The Company is empowered by its Memorandum and Articles of Association to repurchase its Shares. The Company proposes to make the repurchases out of retained profits or other funds which shall be legally available for such purpose in accordance with the Company’s Memorandum and Articles of Association and the Companies Ordinance (Cap. 32 of the Laws of Hong Kong).
Directors and connected persons
None of the Directors nor, to the best of the knowledge and belief of the Directors having made all reasonable enquiries, any associates (as defined in the Listing Rules) of any of the Directors have any present intention, in the event that the resolution as set out in the AGM Notice is approved by the Company’s shareholders, to sell any Shares to the Company.

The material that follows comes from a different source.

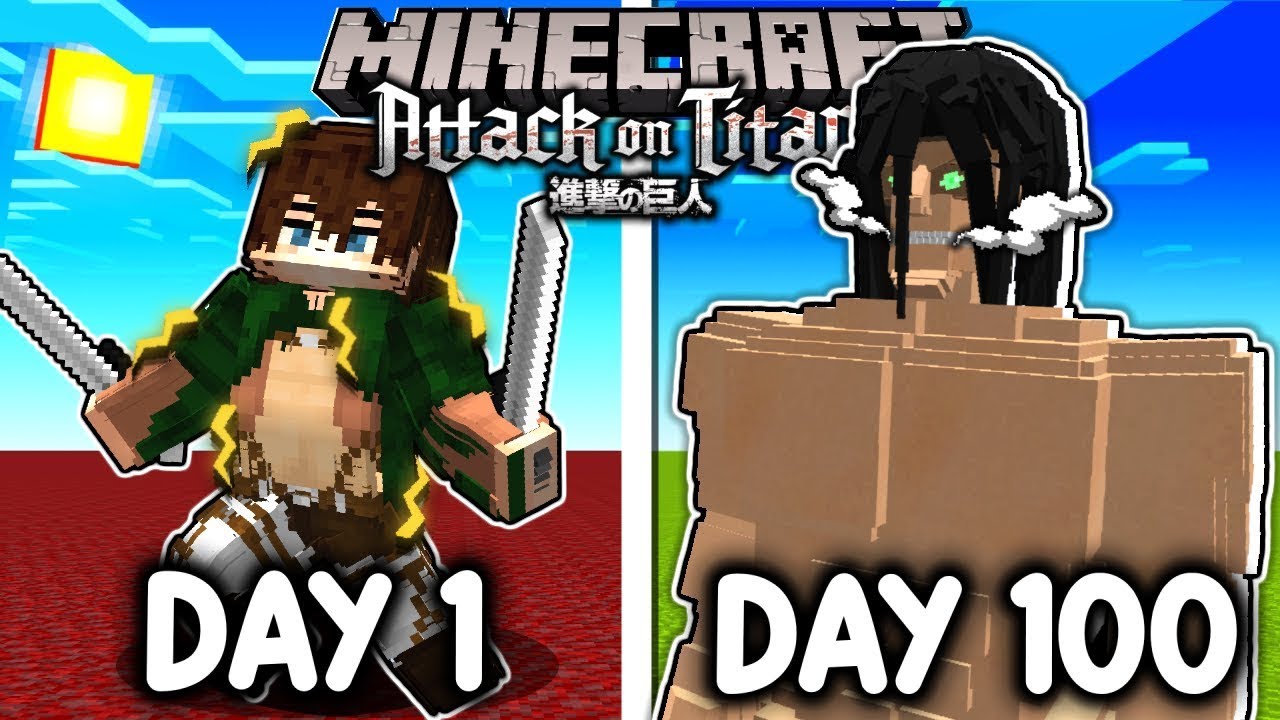 Sống Sót 100 Ngày Siêu Khó Nhưng Tôi Là Eren Yeager Trong Minecraft Attack on Titan!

No connected persons (as defined in the Listing Rules) of the Company have notified the Company that they have a present intention to sell Shares to the Company nor have they undertaken not to sell any of the Shares held by them to the Company in the event that the Company is authorised to make purchases of Shares.
Listing Rules
The Directors have undertaken to the Stock Exchange to exercise the power of the Company to make purchases pursuant to the proposed resolution set out in the AGM Notice and in accordance with the Listing Rules, all applicable laws of Hong Kong and the regulations set out in the Memorandum and Articles of Association of the Company.
Hong Kong Code on Takeovers and Mergers
If, on the exercise of the power to repurchase Shares in accordance with the resolution set out in the AGM Notice, a shareholder’s proportionate interest in the voting rights of the Company increases, such increase will be treated as an acquisition for the purposes of the Hong Kong Code on Takeovers and Mergers (the “Takeover Code”) and may in certain circumstances give rise to an obligation to make a general mandatory offer for shares under Rule 26 of the Takeover Code.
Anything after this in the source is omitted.